Um. No, typos1, I don’t think that’s right
It wouldn’t use less electricity at a lower motor speed. Gearboxes are only used to that effect on combustion cars because a more fuel efficient zone in the output matrix is found at lower engine speeds.
With an electric motor, it’s a straight forward equation: more current = more power and torque. That’s why they generate the same torque at zero rpm as they do at many thousands and why electric cars’ initial acceleration is so much faster than combustion cars.
And there’s only one place that current can come from: the battery. So battery consumption does not depend on motor speed.
In nearly all electric cars, there’s no gearbox. It wouldn’t help acceleration, which is limited (via traction control and current modulation) by the need to prevent tyre spinning.

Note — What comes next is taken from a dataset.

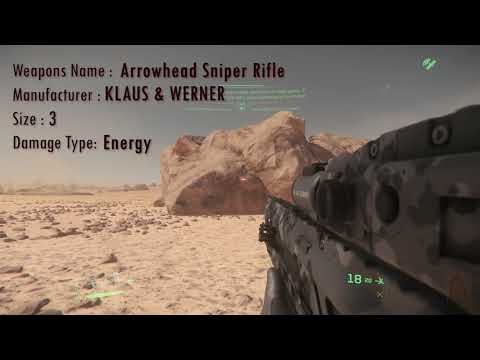 STAR CITIZEN - ALL FPS WEAPONS (3.5.1)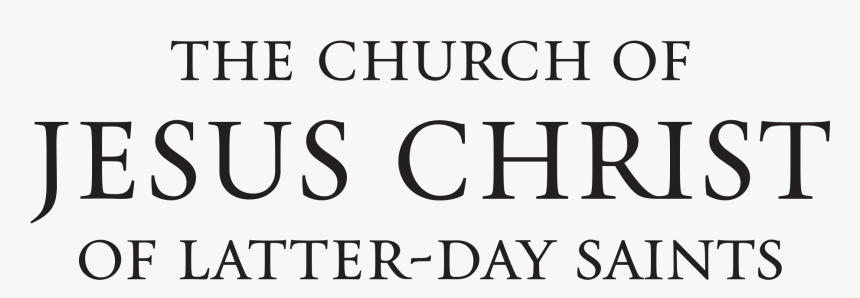 Church Of Jesus Christ Of Latter Day Saints Logo Png, Transparent Png, Free Download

The only case for a gearbox arises if you want to reduce the motor speed, to enhance longevity, and since million mile production Tesla motors on examination show negligible wear and are not fitted with gearboxes, there’s no need for the additional complexity and weight. Now this might arise in a car capable of extremely high speed - say 200mph.
Robbo
Interestng about the 2 speed
Interestng about the 2 speed gearbox, Tesla tried this with its roadster, but couldnt get ito work so locked one gear out, but it seems to me a good way of increasing range on EVs - once up to a cruise, engage top to use less electricity, just as you would in an ICE.